It is true, there is a provision in the statute, by which the period of commencing an action for any wrong done in the execution of the act, is limited to six months. But, during this time, the pursuer was non valens agere, in consequence of the injury he had sustained by the effect given to the illegal warrant; for the defenders, by their own conduct, made it impossible for him to use his right within the limited time. And in this case, there was no undue delay, the action being raised as soon as the circumstances of the pursuer put it in his power.

But, independent altogether of the action upon this statute, the pursuer is entitled to reimbursement of the value of his house, under the provisions of the riot-act (1. Geo. I. cap. 5). The damage was done by a mob who assembled in the town of Dumfries, and who proceeded in a riotous and tumultuous manner to demolish the house. The defenders, therefore, as representing the community, are liable for indemnification; Blackst. b. 4. c. 2.

The limitation of the period of action under the riot-act (viz. to one year), is in this case excluded by the pursuer's plea of non valens agere, resulting from the conduct of the defenders.

Answered; The provisions of the comprehending act, requiring the date and place of examination to be specified, were inserted for the purpose of preventing imprisonment for an indefinite time. It does not appear that the pursuer suffered the smallest damage in consequence of the blanks left in the warrant; nor do any of the losses which he has specified, arise, in the most remote degree, from any cause connected with the warrant. It is not enough for him to say, that the Magistrates committed a mistake; he must shew, that the loss which he sustained resulted from that error.
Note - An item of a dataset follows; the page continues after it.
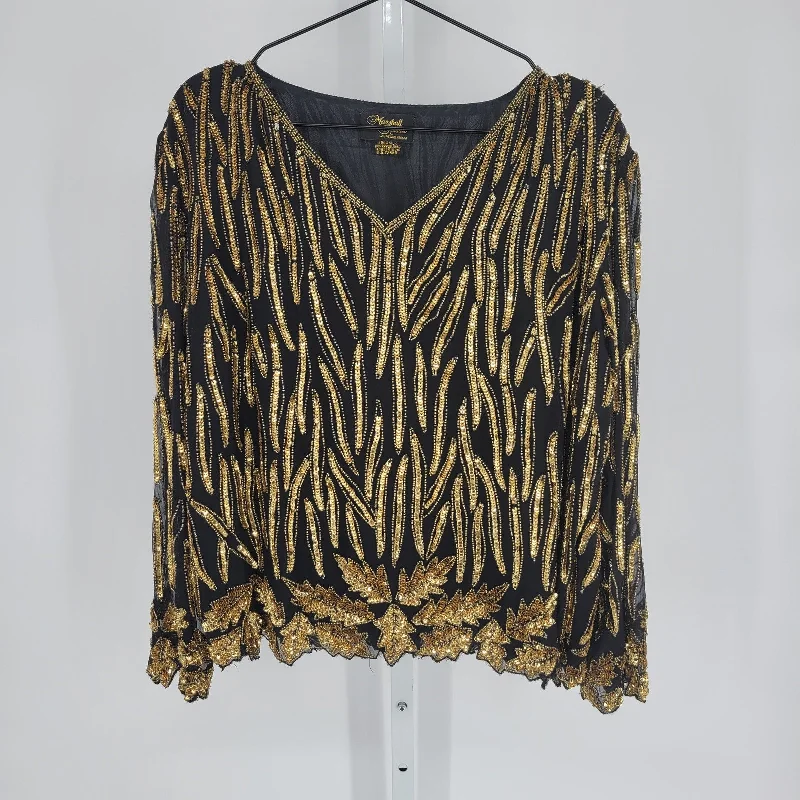 Flash Deals Marshall Rousso Womens Sz L 100% Silk Long Sleeve Beaded Blouse Black Gold Flash Deals Marshall Rousso Womens Sz L 100% Silk Long Sleeve Beaded Blouse Black Gold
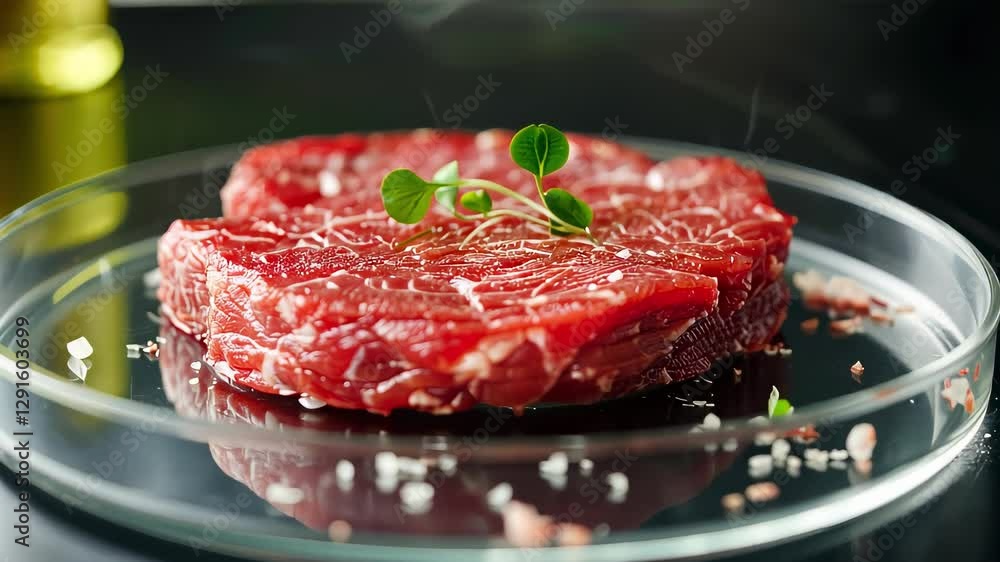 Artificial lab grown meat in petri dish Biotechnology Artificial lab grown meat in petri dish Biotechnology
No action lies at common law against the burgh for an injury to the pursuer's property; and if any action be competent under the riot-act, it can only be where a building has been destroyed in the course of a riot, of such a nature that the rioters are guilty of felony. And it was farther pleaded, That even in those cases where the Magistrates or the inhabitants were thought so culpable as to be the objects of punishment, or held liable in reparation, recourse was had to the Legislature, as in the case of the Shawfield mob at Glasgow in 1725, Captain Porteous' execution at Edinburgh in 1736, and the riots in both cities in 1779, when the Roman Catholic chapels were demolished. The pursuer was himself the cause of the riot, by the murder which he committed, and is therefore barred, personali exceptione, from insisting for damages. The act of Geo. I. has always received a strict interpretation; Reid against Clark, 7th February 1798, Durnford's Reports, v. 7.; and there is a limitation of the period of 12 kalendar months for insisting in any action. It was intended to prevent injury to persons of peaceable deportment, who were not in any degree the cause of the riot by their own conduct.
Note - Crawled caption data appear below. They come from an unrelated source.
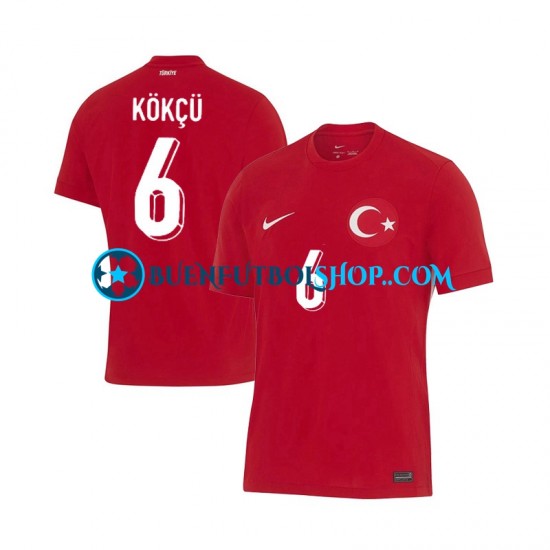 Camiseta de Fútbol Turquía Orkun Kokcu 6 Euro 2024 Segunda Equipación Manga Corta Hombre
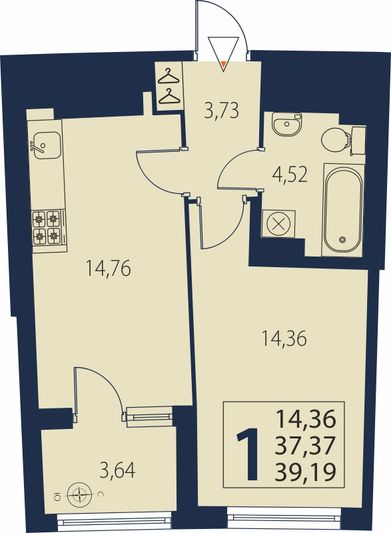 Продажа 1-комнатной квартиры 39,2 м², 18/25 этаж
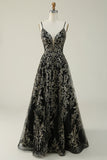 Svart Golden Spaghetti stropper Long Prom Dress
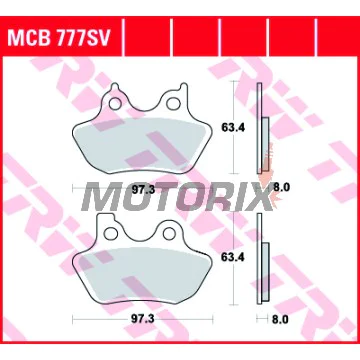 Brzdové destičky -TRW- MCB777SV, Harley Davidson FLHR Road King, FLHT Electra Glide, FLHX Street Glide, FLST Fat Boy/Softail, FLTR Road Glide, FXD Dyna, FXST Softail, VRSC V-Rod, XL/XLH Sportster - 883-1803cc, 1999-2013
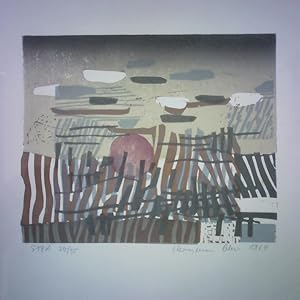 Seller image for Landschaftsansicht, unbetitelt - Farblinoldruck auf Papier for sale by Celler Versandantiquariat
With respect to the plea of non valens agere, it is enough that the statute of Geo. I. is of strict interpretation, and in all its provisions penal. The limitation in the act does not therefore stand on the same footing as the ordinary prescription. And, at all events, supposing the pursuer were entitled to deduct the period of his imprisonment, a year elapsed between the date of his pardon and the commencement of his action of damages.

The Court sustained the defences.

Lord Ordinary, Bannatyne. Act. Erskine, Moncrieff. Agent, R. Young. Alt. Lord Advocate Hope, Corbet. Agent, H. Corrie, W. S. Clerk, Gordon. Fac. Col. No 121. p. 268.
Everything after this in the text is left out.